Ein Franke mischt die Schweiz auf: Lukas, der Anführer
Autor: Tobias Schneider
Kemmern, Donnerstag, 30. April 2020
Von der Teilzeitkraft zum Leistungsträger: Lukas Görtler spielt seine wohl beste Saison und ist in der Schweiz mit dem FC St. Gallen auf gutem Weg zur Meisterschaft. Dann stoppte Corona den Sport. Im Juni soll es aber weitergehen.
"Im Kopf sind die Bilder noch sehr präsent: wie ich das Tor mache, jubelnd zu den Fans in die Kurve laufe. Ein volles Stadion. Als Kind träumt man genau davon. Ein unglaublicher Moment", sagt Lukas Görtler. Neun Wochen ist es nun her, als er letztmalig für den FC St. Gallen in der Schweizer Super League auf dem Feld stand, beim Topspiel gegen die Young Boys Bern vor 20 000 Zuschauern im ausverkauften Kybunpark. Erster gegen Zweiter. Und der aus Kemmern stammende Mittelfeldspieler glänzte: zwei Torvorlagen, sein Kopfballtreffer in der Nachspielzeit zum 3:2. Das kleine Märchen des FC St.

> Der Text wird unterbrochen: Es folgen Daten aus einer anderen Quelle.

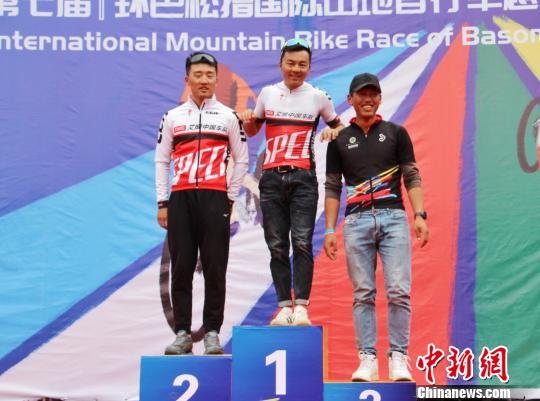 选手角逐西藏高原自行车赛老将蝉联三届冠军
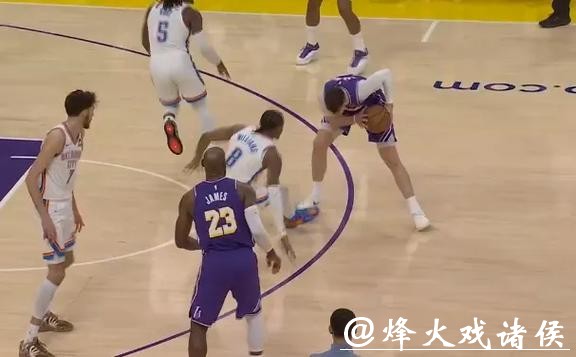 拉拉维亚晃倒杰威瞬间引爆媒体热议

Gallen schien sich fortzuschreiben; sie alle glaubten, der ersten Meisterschaft nach mehr als 20 Jahren noch einen Schritt näher zu sein.

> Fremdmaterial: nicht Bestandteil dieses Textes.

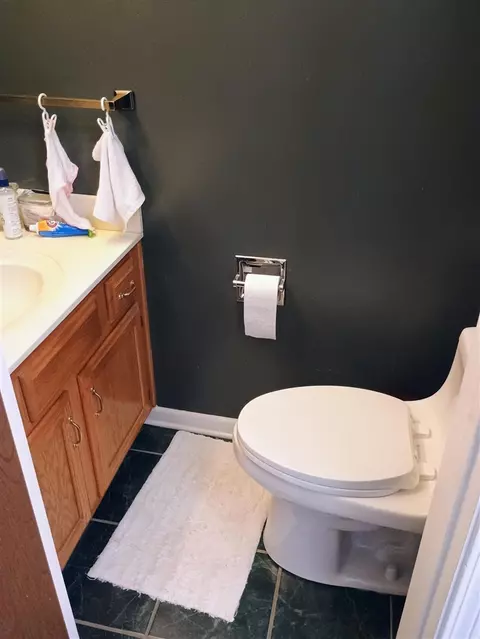 2736 Gilbert, Lansing, MI 48911 photo 22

Weil aber ein unglückliches Handspiel zusätzlich auf einen übereifrigen Video-Assistenten traf, glich Bern in der 97. Minute nach vielen Diskussionen per wiederholtem Strafstoß noch zum 3:3 aus. Die grün-weiße Partie war vorerst gelaufen. Görtler stapfte vom Feld und beklagte in diesem Augenblick die große Ungerechtigkeit. Ein Fußball-Drama, und doch so klein. Ein reales und viel größeres sollte folgen.

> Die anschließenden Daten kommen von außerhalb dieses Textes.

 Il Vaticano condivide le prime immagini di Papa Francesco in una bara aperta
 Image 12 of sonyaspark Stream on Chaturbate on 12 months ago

Das Coronavirus hat auch in der Schweiz das öffentliche Leben massiv beeinflusst. Seit jener Partie vom 23. Februar ruht in der Super League der Spielbetrieb und bei Görtler der Traum von der Meisterschaft. Nach dem emotionalen Hoch der vergangenen Monate setzte die große Leere ein. "Wir haben noch zwei Wochen trainiert, mussten das Mannschaftstraining danach aber einstellen. Seitdem hatte ich keinen Ball mehr am Fuß und halte mich individuell fit. Ein Dauerzustand ist die Situation nicht, es zehrt an den Nerven", sagt der 25-Jährige.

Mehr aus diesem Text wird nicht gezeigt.